The "Photo Tech" section of Sina.com, China's leading internet portal, offers a cornucopia of images ranging from exotic landscapes to tasty-looking hotpots, but until recently one of the most popular sections was the one discreetly titled "body photographs".

Sina.com cuts links with erotica
Visitors look at the nude women photoes applying the three-dimensional photographic techniques at Huangzhou photo exhibition. [Guangzhou Daily]

This month, however, weblinks to the section have been cut and its hundreds of erotic images of the naked female form removed, leaving only a pro-forma warning that reads: "It is forbidden to upload pictures that are pornographic, obscene or otherwise unhealthy."

The sudden removal of the section highlights the sensitivities that still surround the portrayal of nudity in China.

Pornography, outlawed in all its forms by the Chinese government after 1949, remains strictly illegal. Art that involves nudity, however, is now officially accepted. The problem, in China as elsewhere, is telling the difference.

"There are no regulations for the publication of 'body art' books," says a manager at Popular Photography, a magazine that often features nudes. "After publication, if the relevant government department decides it is pornography, it's pornography."

Despite the sudden emptying of the Sina.com body photography site, it is clear that officials are increasingly tolerant of nudity.

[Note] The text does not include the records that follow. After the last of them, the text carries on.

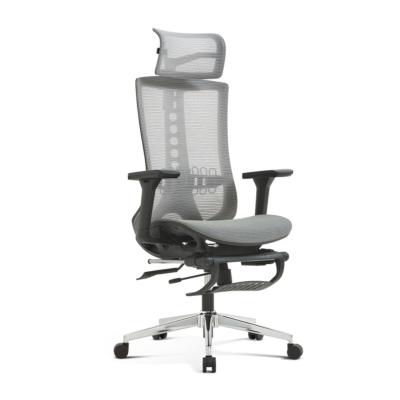 China Free Sample Home Office Luxury Work Chair Modern Mesh Fabric Ergonomic Computer Reclining Rotation Set Chairs Furniture For Office for sale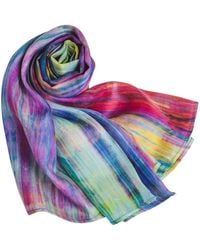 Silk and Bears - Brushstroke Hand-Dyed Silk Shawl – Mulberry Silk Wrap - Lyst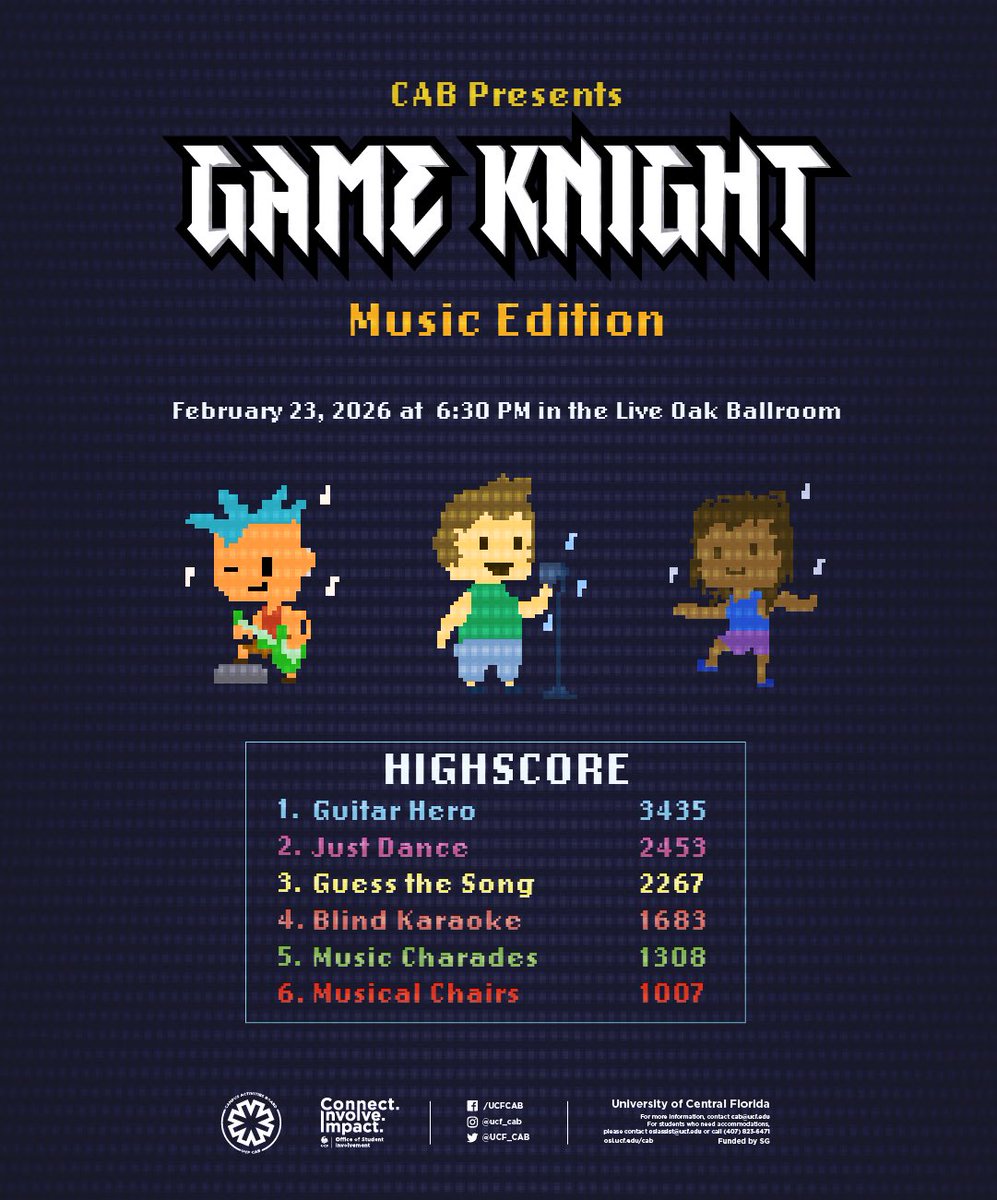 UCF Campus Activities Board tweet media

In the 1980s, albums of classical western paintings that included nudes were supposed to be sold only to buyers such as art students who could demonstrate a legitimate interest.

Such caution stemmed in part from the fact that while China has a rich tradition of graphic sexual paintings and prints, nudity has never played a big role in its public art. An exhibition of painting featuring nudes in Beijing in early 1989 drew huge crowds of wide-eyed visitors – and lawsuits from featured artists’ models shocked by the unexpected exposure.

Nakedness in painting and sculpture is uncontroversial these days, however, and is helping win acceptance for nude photography too. Chinese airport bookshops now groan with collections of erotic photographs featuring pubic hair and revealing poses, with the odd conventional art book mixed in to add respectability.

Even fans of Photo Tech's tasteful erotica have no need to be disappointed. Nude photographs by the hundred still feature on Sina.com's bulletin boards.